* 1903 Offenbach
+ 1949 Oberursel
Der Bildhauer Richard Martin Werner studierte seit 1920 an der Kunstgewerbeschule in seiner Geburtsstadt Offenbach. 1922 siedelte er nach Frankfurt am Main über, wo er seine Ausbildung am Städelschen Kunstinstitut fortsetzte. Zuerst als Schüler Georg Bäumlers, wechselte er 1925 in die Bildhauerklasse von Richard Scheibe, dessen Meisterschüler er bis 1929 war. Wie Scheibe, beschäftigt sich Werner vorwiegend mit Aktdarstellungen. Von seinem Lehrer und dessen bildhauerischen Ideal stark beeinflusst, fertigte Werner 1926 eine Bronzebüste Scheibes, die im gleichen Jahr für die Sammlung des Städel angekauft wurde. Weiter arbeitete er mit Scheibe an dessen Auftrag für ein Friedrich Ebert-Denkmal und soll auch Modell für die 1926 an der Paulskirche angebrachte Jünglingsgestalt gestanden haben. Oft wird angegeben, dass Werner 1929 ein Stipendium für die Villa Massimo in Rom erhielt, unter den ehemaligen Stipendiaten ist sein Name aber nicht zu finden. Von 1930 bis 1937 war er in Offenbach und Frankfurt am Main als freier Bildhauer tätig, ab 1937 lebte er in Oberursel.
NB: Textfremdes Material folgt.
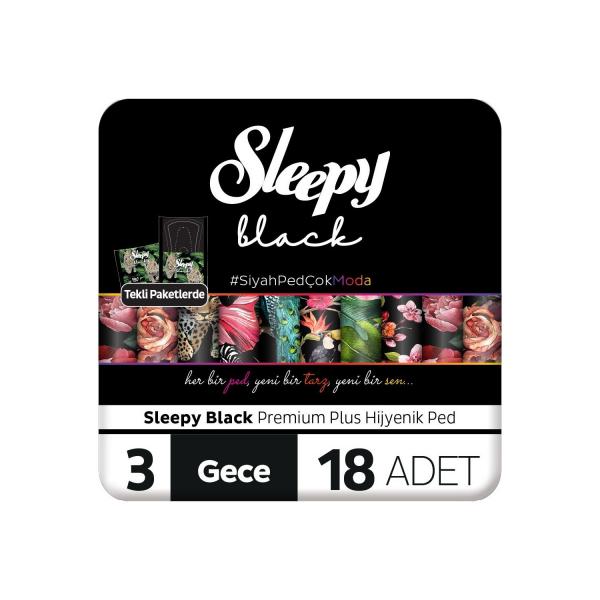 Sleepy Black Premium Plus Hijyenik Ped Gece 18 Adet
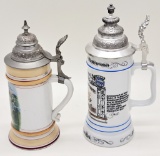 2 Vintage Germany Beer Steins - Tallest Is 11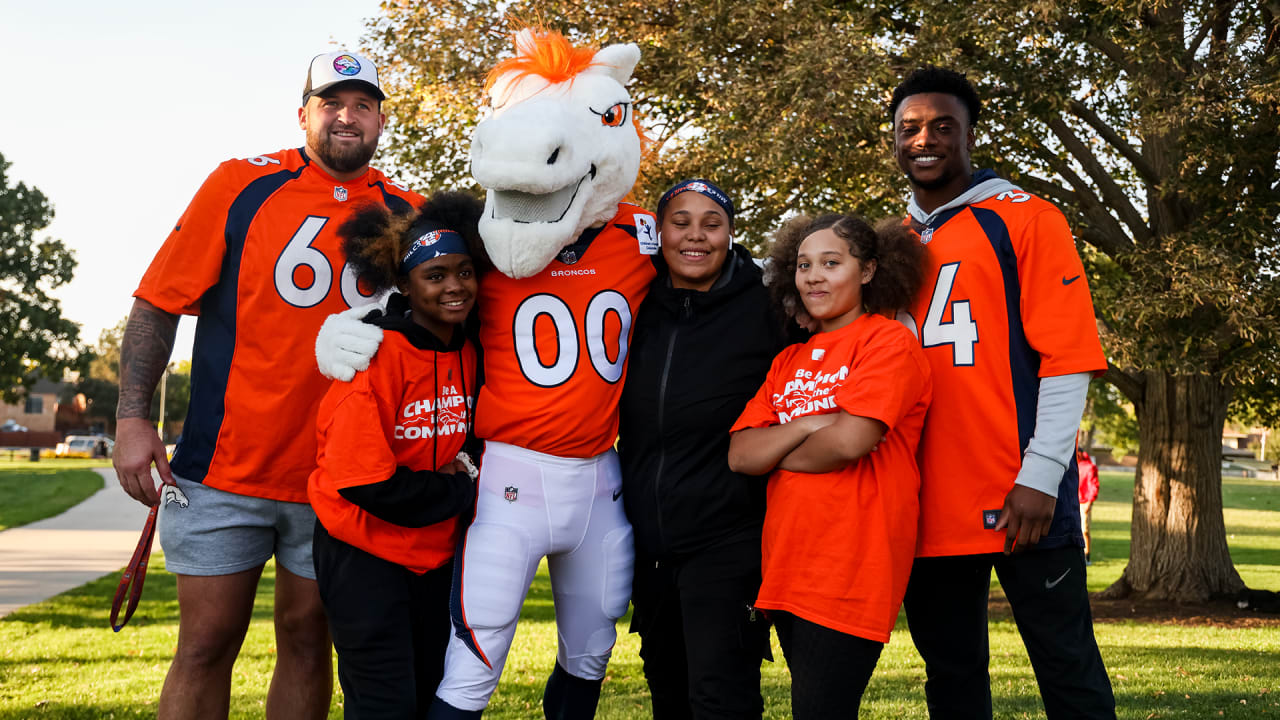 Miles, the Denver Broncos mascot, watches the Broncos play the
Er war Kriegsteilnehmer (1941–45), konnte aber trotzdem alljährlich an der NS-Leistungsschau Große Deutsche Kunstausstellung (GDK, 1937–1944) im Haus der Deutschen Kunst in München teilnehmen. Dort zeigte er vor allem idealisierte weibliche Aktplastiken, die sich im NS als anschlussfähig erwiesen.
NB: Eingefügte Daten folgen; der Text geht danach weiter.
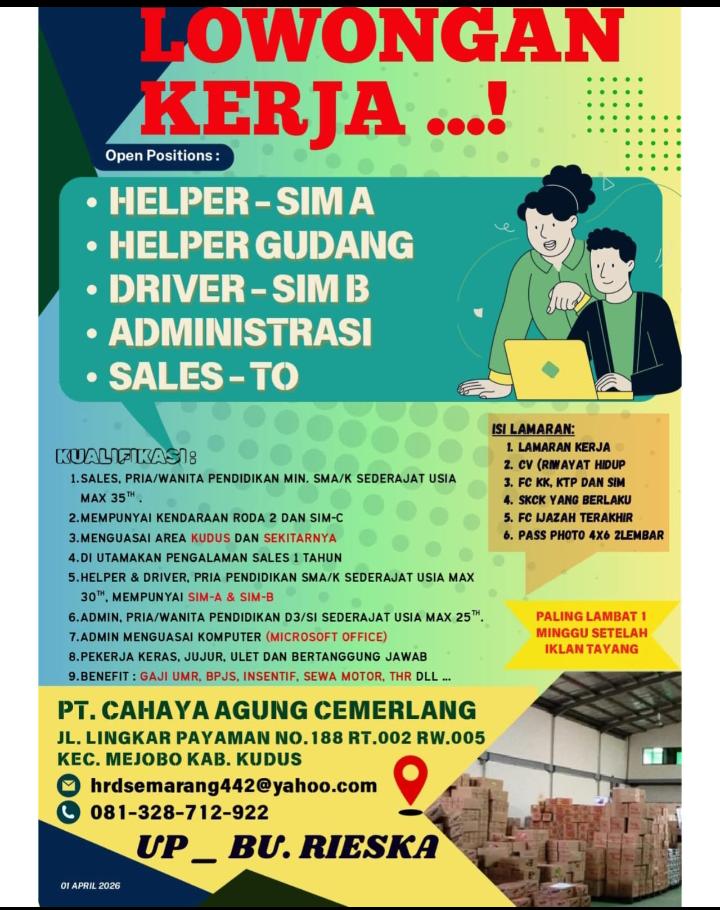 📢 Info LOKER - PT. Cahaya Agung Cemerlang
Die Statuette mit dem Titel Schreitende wurde auf der GDK 1938 in Bronze präsentiert und dort von Adolf Hitler erworben. Ein Jahr zuvor kaufte Hitler die Skulptur Junges Mädchen von ihm. Auch der Reichsminister und Chef der Reichskanzlei, Hans Heinrich Lammers, erstand in München zwei Plastiken Werners. Für eine größere Käuferschicht wurden seine idealisierten Aktfiguren durch den Porzellanhersteller Rosenthal zugänglich. Das Unternehmen erwarb 1936 die Entwürfe von drei weiblichen Akten und fertigte sie in Biskuitporzellan.
Weitere Anerkennung brachte die Teilnahme am Kunstwettbewerb der XI. Olympiade 1936 in Berlin. Sein Beitrag Läuferin am Start, eine in Tiefstart-Position dargestellte weibliche Aktplastik, hebt sich durch die Pose von den übrigen Aktdarstellungen der Periode ab, die er meist in einfacher Bewegung darstellt. Ein Bronzeguss der Läuferin am Start befindet sich seit 1938 vor dem Waldstadion in Sachsenhausen.
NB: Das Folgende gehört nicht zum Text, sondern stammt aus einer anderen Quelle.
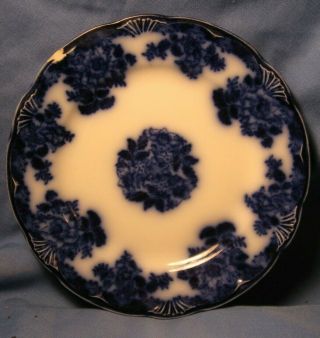 Vintage Flow Blue 8 3/4 " Plate Waldorf Pattern Semi Porcelain - Wharf Pottery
Nach Kriegsende war er Mitbegründer und erster Vorsitzender des Künstlerbunds Taunus (heute: Kunstverein Bad Homburg Artlantis) in Bad Homburg und gewann die Ausschreibung für einen Gestaltungswettbewerb des Direktoriums Deutscher Länder für ein Motiv für die 50-Pfennig-Münze. Die Jury entschied sich einstimmig für Werners Entwurf. Er überzeugte mit einer Symbolik des Wiederaufbaus, dargestellt durch eine Kniende die einen Eichensetzling pflanzt. In der Sammlung des Städel befinden sich die von Richard Martin Werner geschaffenen Skulpturen Stehendes Mädchen (1931), Stehender Jüngling (1932), Schlafendes Mädchen (1937), Schreitende (1937) und Mädchenkopf (1938). Auch das Stadtmuseum Offenbach besitzt Plastiken von ihm, darunter der Kopf eines Soldaten mit Stahlhelm und eine Büste von Ricarda Huch. Auf dem Alten Friedhof in Oberursel befindet sich eine steinerne Pietà (1949) die Werner zum Gedenken an die Opfer des Zweiten Weltkriegs schuf. Werner starb im Oktober 1949 im Alter von 46 Jahren.